In a discussion paper titled “Does Exchange Rate Volatility Matter for Economic Growth,” BSP researchers said exchange rate volatility can lower growth in some economies like the Philippines, but only in the short term.

“In the short run, exchange rate volatility exerts a negative impact on some economies and a positive impact on others.
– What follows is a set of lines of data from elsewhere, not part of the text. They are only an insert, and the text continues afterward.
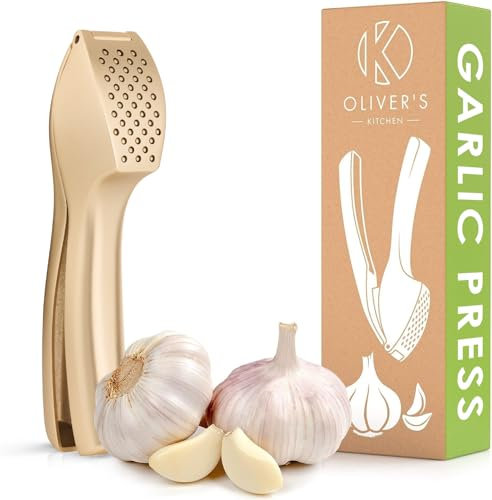 Oliver's Kitchen ® Premium Garlic Press - Super Easy to Use & Clean Garlic Crusher & Mincer - Crush Garlic & Ginger Effortlessly (No Need to Peel) - Built for Life - Strong & Durable (Matt Gold)
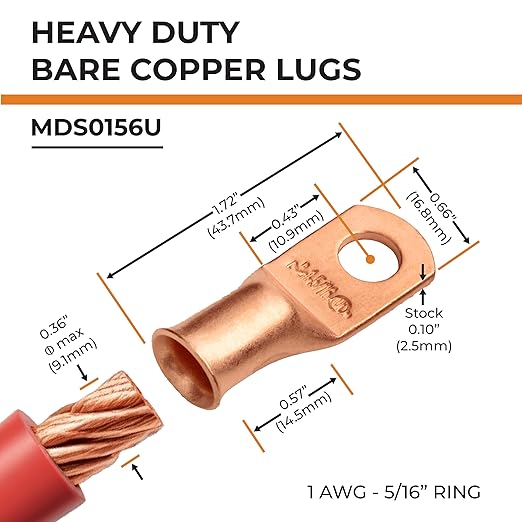 SELTERM 10pcs 1 AWG - 5/16" Stud - Battery Lugs, Heavy Duty Wire Lugs, Ring Terminals, Battery Cable Ends,1 Gauge Terminals, UL Bare Copper Eyelets Electrical Battery Terminal Connectors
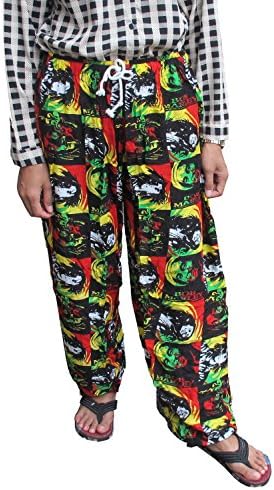 Welcome2Bangkok' LOVELY BOB MARLEY 100% Rayon One Size Women's BOB MARLEY Print Exercise Yoga Harem Trousers (pen)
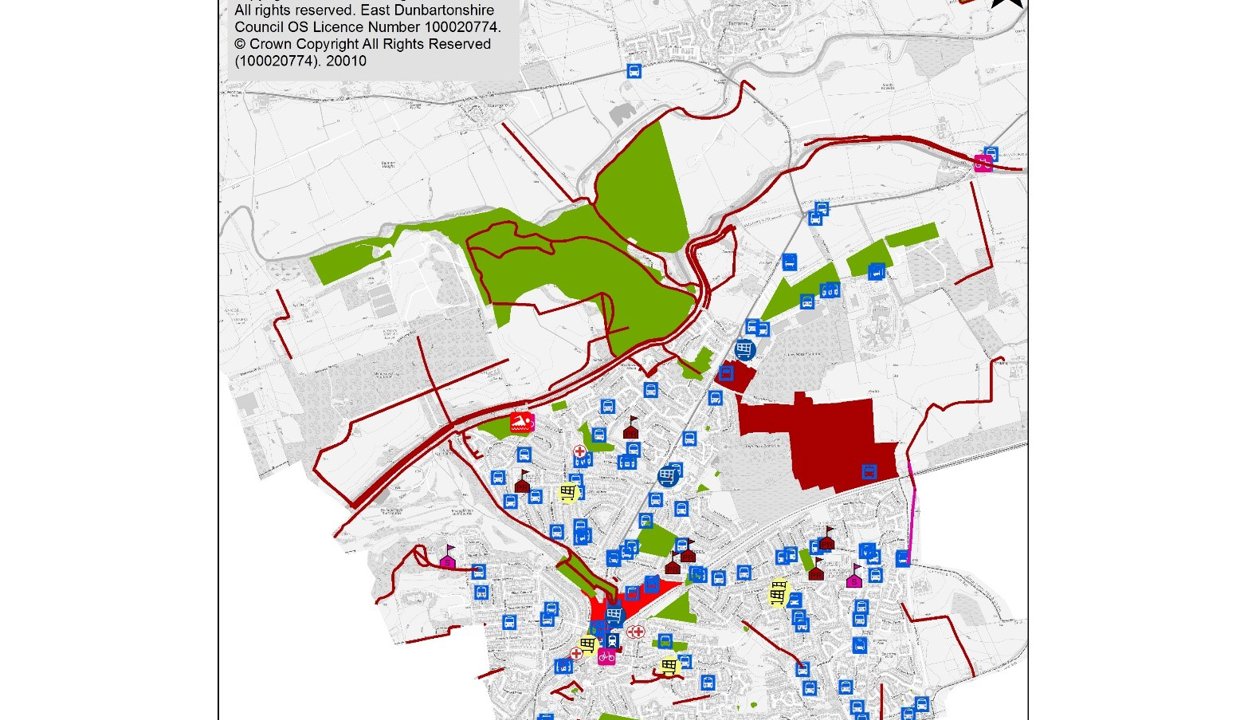 This map shows active travel routes, public transport and key trip generators in Bishopbriggs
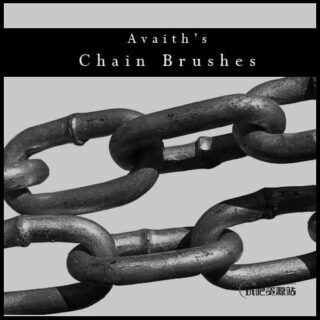 真实铁链、锁链Photoshop笔刷素材-玩吧资源站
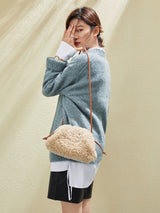 Cream Lambswool Dumpling Shoulder Bag - Cream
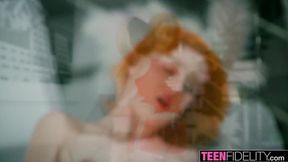 Hot European redhead Lola Red takes big cock in amateur anal and rear entry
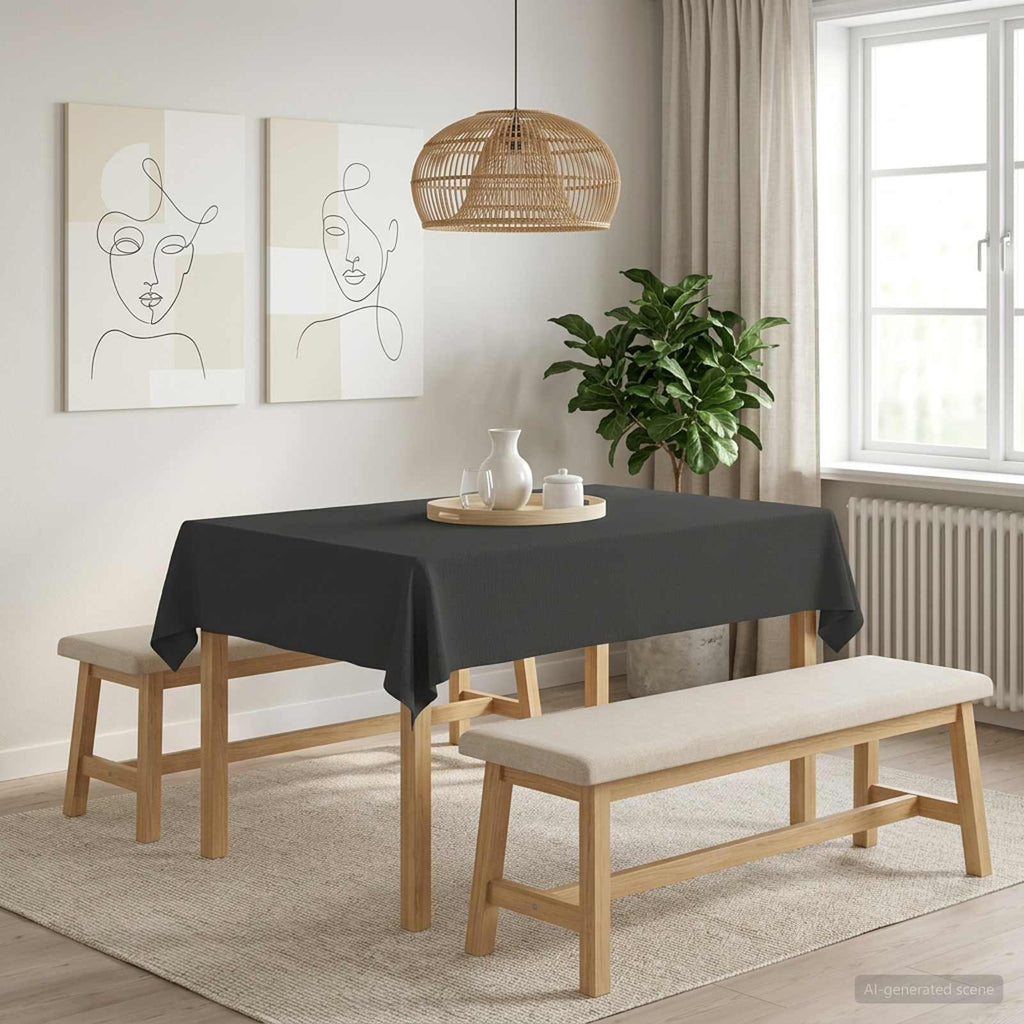 vidaXL Obrus stołowy Prostokątny ciemnoszary 140 x 160 cm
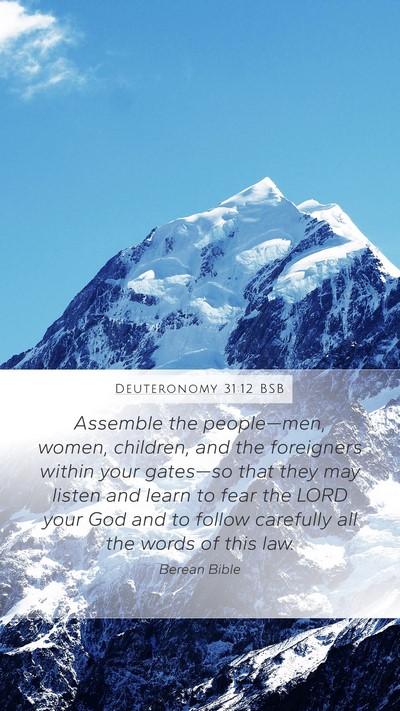 Deuteronomy 31:12 BSB Bible Verse Image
A percentage change in exchange rate volatility decreases economic growth by about 0.14% in China, 0.19% in Singapore, and 0.4% in the Philippines,” the BSP researchers said.

The study tackled the effects of volatility in the foreign exchange (FX) markets of 11 Asia-Pacific economies from 2002 to 2022.

However, this negative impact on economic growth in China, the Philippines, and Singapore dissipated in the long run, BSP researchers said.

“This may imply that measures used by these economies to respond to exchange rate volatility could be effective and that other factors are more important for economic growth in the long run,” they said.

One of the most known episodes of FX volatility in the Philippines occurred last year, when the peso hit a record low of P59 against the greenback in October, amid the US Federal Reserve’s aggressive tightening.

The BSP hiked policy rates to avoid a narrower interest rate differential with the US Fed and used its dollar buffers to mitigate the volatility in the foreign exchange market.

From March 2022 to June 2023, the Fed raised its key rates by 500 basis points (bps) to 5-5.25%, while the BSP hiked by 425 bps to 6.25% from May 2022 to March 2023.